**Data to process:**

=====

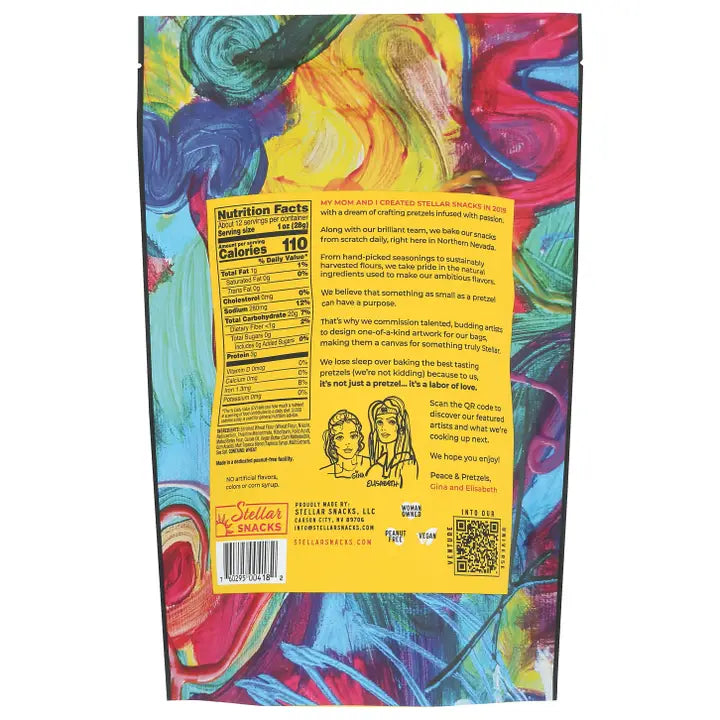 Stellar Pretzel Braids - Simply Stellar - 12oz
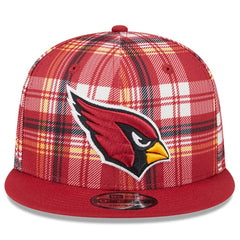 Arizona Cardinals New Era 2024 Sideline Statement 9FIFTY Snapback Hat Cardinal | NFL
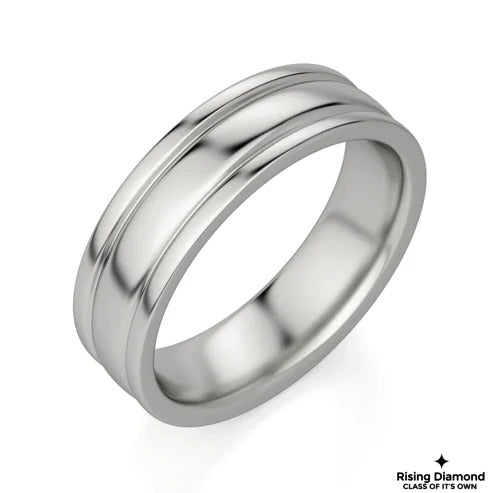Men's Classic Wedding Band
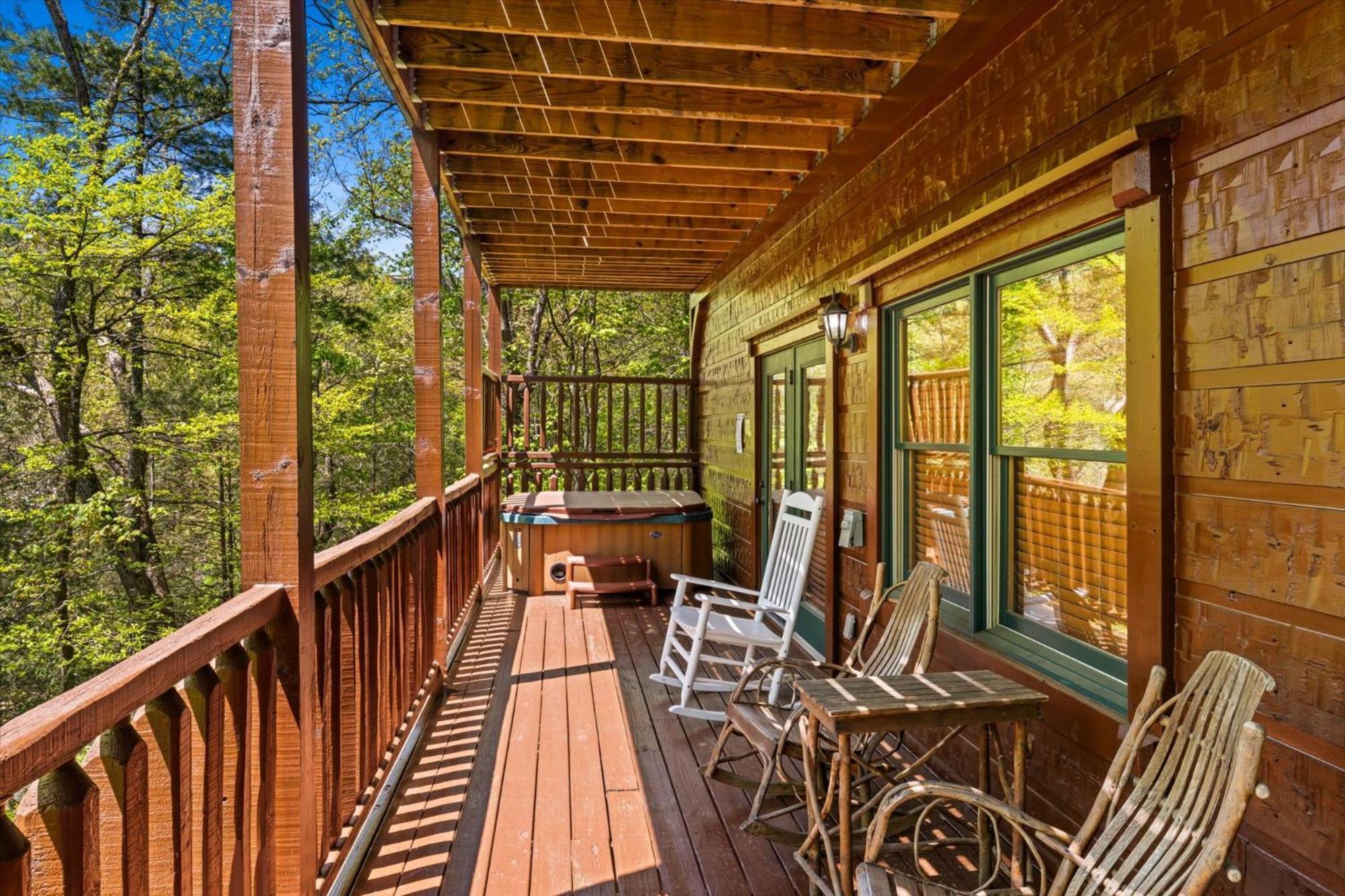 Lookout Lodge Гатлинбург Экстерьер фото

=====

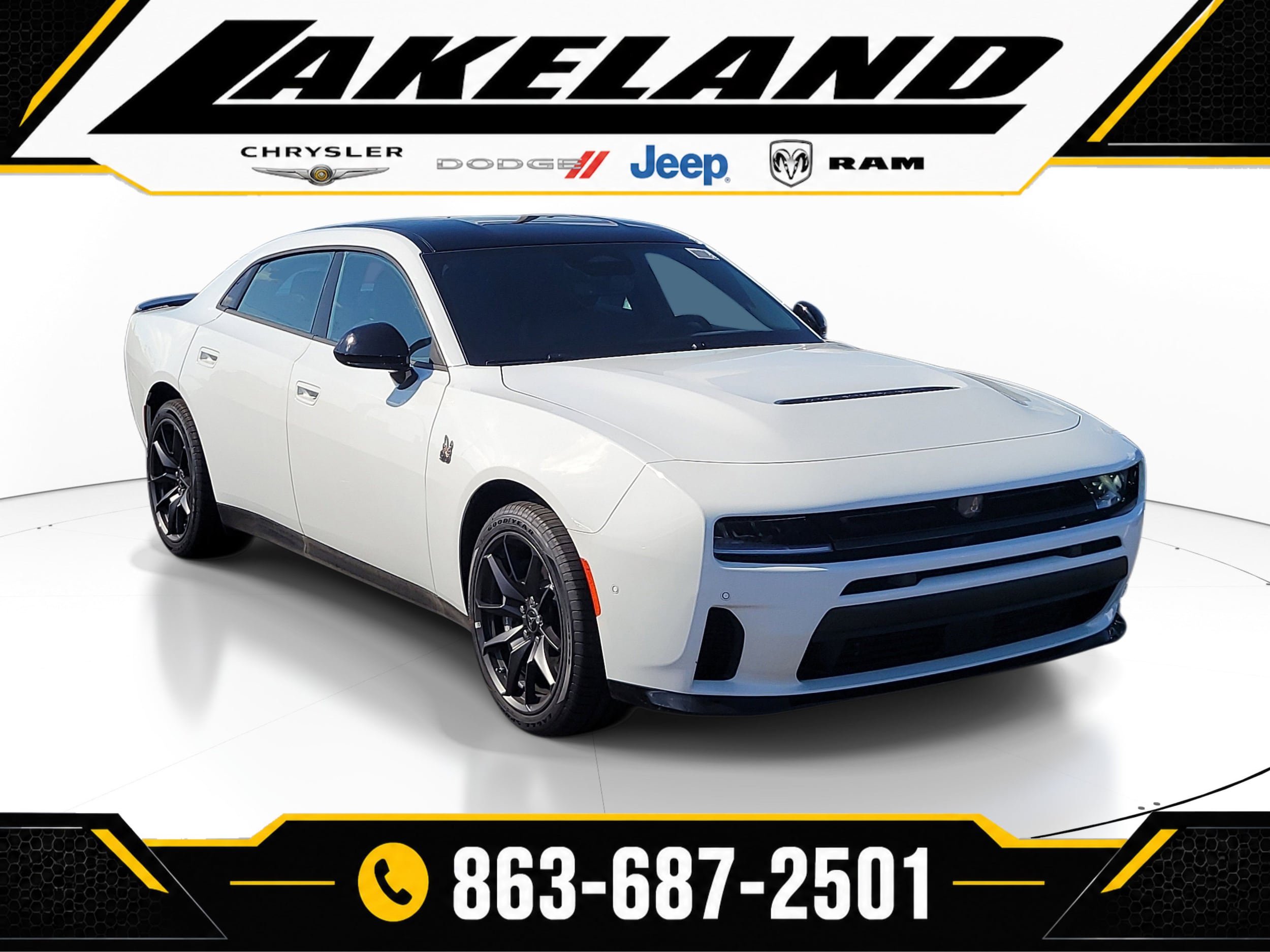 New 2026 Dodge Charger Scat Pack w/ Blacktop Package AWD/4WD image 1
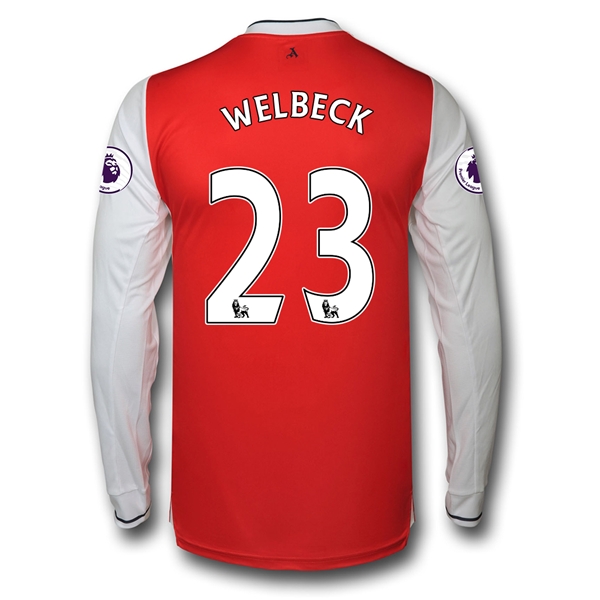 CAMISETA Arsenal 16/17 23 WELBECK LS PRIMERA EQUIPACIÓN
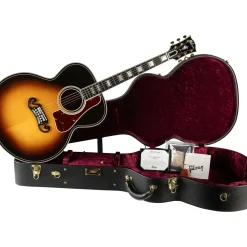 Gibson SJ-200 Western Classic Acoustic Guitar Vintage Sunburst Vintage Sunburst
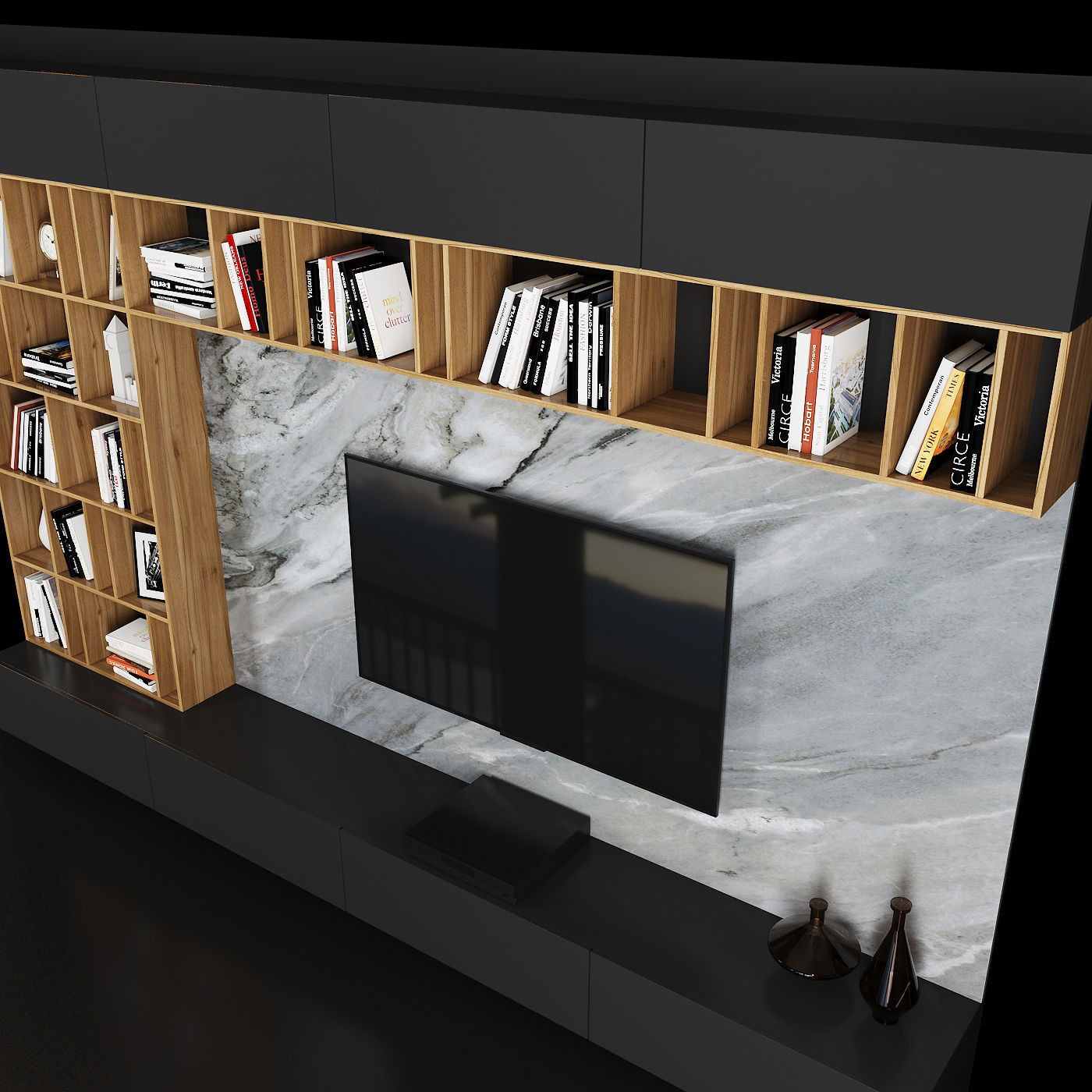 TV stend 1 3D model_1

=====

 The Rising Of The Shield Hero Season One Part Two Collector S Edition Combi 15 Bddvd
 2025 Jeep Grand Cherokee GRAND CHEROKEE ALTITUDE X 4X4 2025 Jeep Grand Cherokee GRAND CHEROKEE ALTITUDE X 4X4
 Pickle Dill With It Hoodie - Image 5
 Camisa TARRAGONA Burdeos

=====

I would like the exact lines from the data above, starting with the one that holds "Men's Classic Wedding Band" and going on through the one that holds "Lookout Lodge Гатлинбург Экстерьер фото", without the pictures.

**Reply:**
Men's Classic Wedding Band
 Lookout Lodge Гатлинбург Экстерьер фото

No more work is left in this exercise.